Il semble bien que les pouvoirs publics pensent peu à peu à
notre marché intérieur, poussés peut-être, il est vrai, par les premières
difficultés que rencontrent nos efforts vers l’exportation. La gamme des prix,
neuf et occasion, devient plus rationnelle, surtout avec le nouveau pourcentage
admis de une voiture pour les Français pour trois destinées à l’étranger. Pour
peu que la race des prioritaires soit plus ou moins exterminée, on commencera à
voir clair. Quant au système de l’essence « double secteur », on
peut le combattre ou le défendre suivant que chacun émarge ou non à la
distribution privilégiée. Constatons seulement que le bénéficiaire sera l’État,
au détriment des margoulins de tout poil qui tiraient parti d’un tel état de
chose. Encore un effort et nous voici au but.
Sous l’angle technique, ce Salon ne manque pas d’intérêt. En
tout premier lieu, la 2 CV Citroën a été le clou du Salon, la nouveauté
sensationnelle.
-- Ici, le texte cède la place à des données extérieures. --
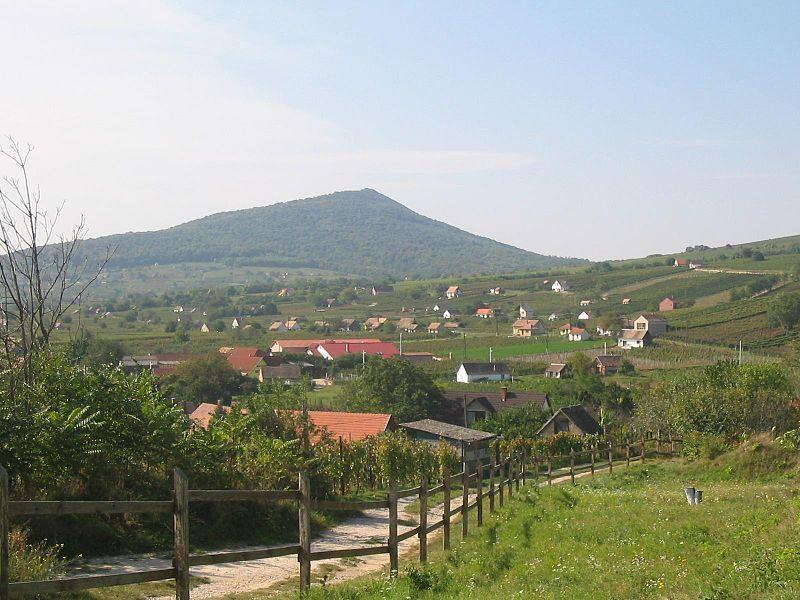 Otto Panzio Villány Rum bild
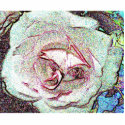 Rose sketch photo sculptures by annakata46 Rose sketch photo sculptures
Elle le doit tant au modèle lui-même qu’aux moyens employés
pour lever le voile sur elle, levée qui a été tenue secrète jusqu’à la dernière
minute. Et encore, maintenant, nous ne savons que peu de choses. Il nous a été
possible de voir une petite voiture, ultra-légère, comportant quatre places
assez confortables ; essentiellement économique, puisqu’elle ne dévorera
guère que 4 à 5 litres aux 100 kilomètres. Vitesse moyenne sur
route : 50 à 55 en terrain facile, 40 en pays accidenté.
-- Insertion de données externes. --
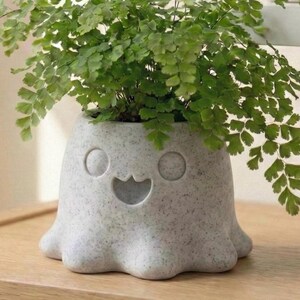Nubla Cute Planter Pot – Adorable Modern Indoor Decorative Plant Pot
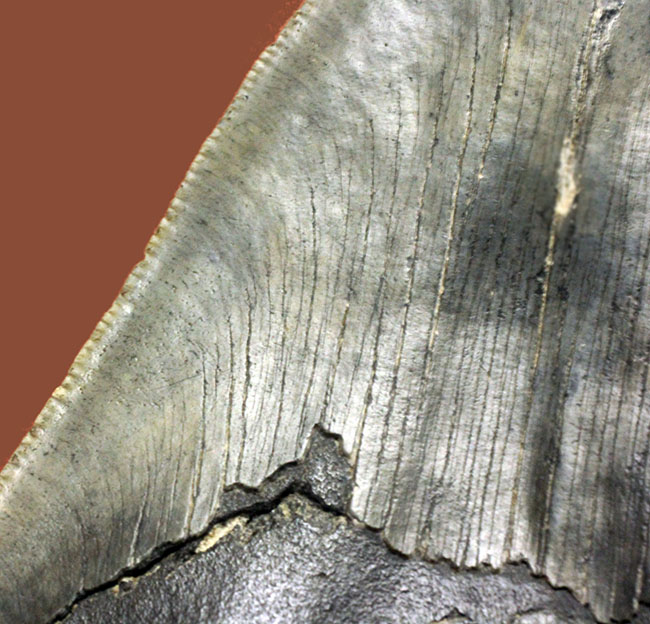 長い方のカーブに沿って１５センチという、メガロドン（Carcharodon megalodon）の歯化石のなかでも特大と申し上げて良い、立派な標本（その8）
Tout apparaît révolutionnaire dans ce véhicule : sa
suspension particulière, son moteur de 375 centimètres cubes, deux cylindres
quatre temps à refroidissement par air. Trois vitesses normales, plus une
surmultipliée avec marche arrière. Pas de batterie d’accus, le démarrage se
faisant par commande mécanique du siège du conducteur. On ne compte que quatre
points à graisser. Toit découvrable. Son prix, en l’état actuel des choses,
bien entendu : 185.000 francs.
Avant de porter un jugement définitif, attendons-la aux
épreuves de la route, mais nous avons l’impression que Citroën va permettre une
intense diffusion de la voiture populaire en France.
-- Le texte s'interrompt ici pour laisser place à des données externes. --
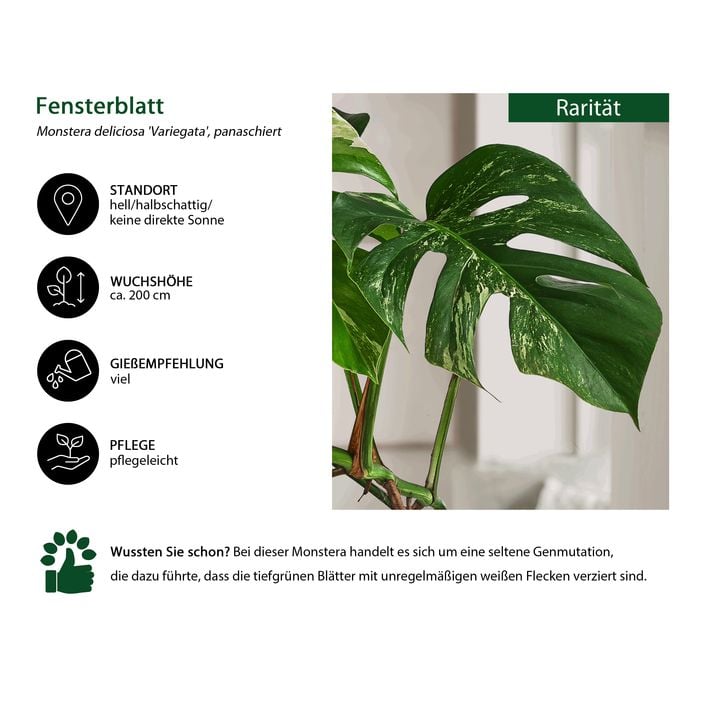 Fensterblatt - Monstera deliciosa 'Variegata', | Dehner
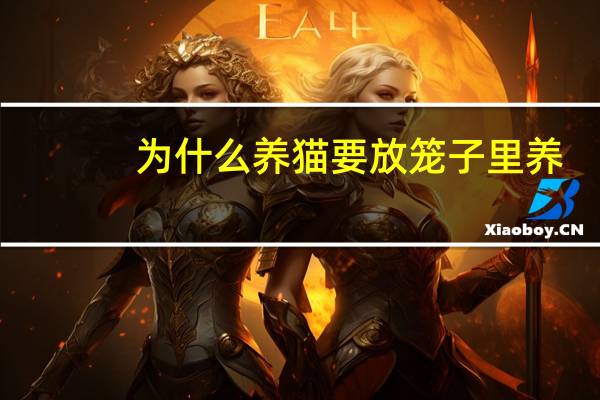 为什么养猫要放笼子里养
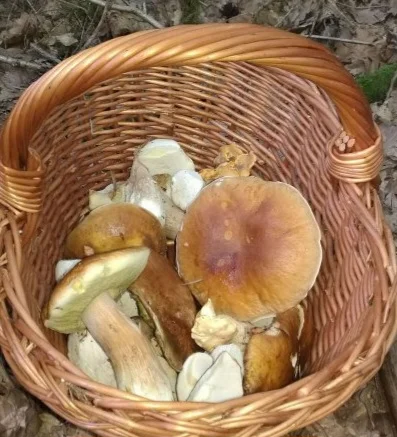 Äoüc639d.webp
À l’autre extrémité de l’horizon automobile, nous pouvons
admirer, toujours sous l’angle nouveauté, la Ford française Vedette 12 CV,
voiture de grande classe avec ses huit cylindres, ses roues avant indépendantes
et son visage américanisé.
Des modèles d’hier se confirment. La 203 Peugeot, dont la
ligne a su rester française, a confirmé son excellente impression du Salon dernier.
Il en est de même de la Simca-six. Des marques, aux audaces mécaniques plus
accentuées, ne manquent pas de confirmer leur succès. Telle la 4 CV
Renault, qui sort maintenant d’usine à cadence accélérée et dont la
réalisation, tout à l’arrière, est devenue populaire. Son prix de 245.500
francs va lui permettre d’affronter, à force sensiblement égale, sa rivale du
quai de Javel. Le flat twin, deux cylindres de 610 centimètres cubes,
deux temps, de la Dyna-Panhard est à présent fabriqué en grande série. C’est
une belle voiture légère.
Bénéficiant de quelque dix ans de mise au point, sanctionnée
sur toutes les coutures, la 202 Peugeot, la 11 CV Citroën rencontrent la
préférence des usagers qui demandent à leur voiture un travail maximum joint à
une sécurité presque totale.
Les constructeurs aux moyens limités, n’émargeant guère aux
distributions dirigées des pouvoirs publics et dont la plupart ne présentent
que des prototypes, continuent encore, cette année, à nous faire admirer leurs
enfants dans un fourmillement d’idées originales et souvent remarquables.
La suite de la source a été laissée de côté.